TASK OBJECTIVE -
Only the lines from the beginning of the data through the one with "Raw denver beef" belong in the answer, each retyped exactly, with pictures left out.

DATA BLOCK -
··········
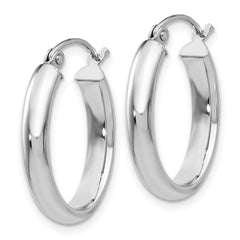 10k White Gold Polished 3.75mm Oval Tube Hoop Earrings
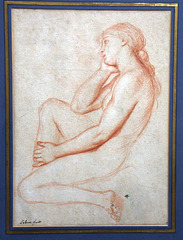 Femme nue accroupie - Sanguine et rehauts de blanc sur papier crème - Charles Le Brun - Musée d'Orléans .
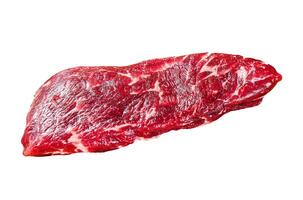 Raw denver beef meat steak Isolated on white background, Top view. photo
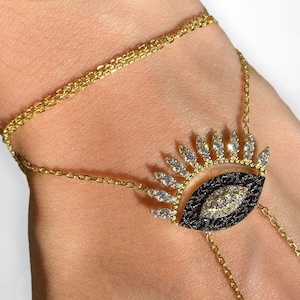 Pulsera de mano con anillo de dedo y ojo malvado, plata 925 • Pulsera de cadena de mano con circonita cúbica, joyería bohemia protectora contra el mal de ojo, regalo para ella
··········
RESULT FOR THIS EXERCISE -
 10k White Gold Polished 3.75mm Oval Tube Hoop Earrings
 Femme nue accroupie - Sanguine et rehauts de blanc sur papier crème - Charles Le Brun - Musée d'Orléans .
 Raw denver beef meat steak Isolated on white background, Top view. photo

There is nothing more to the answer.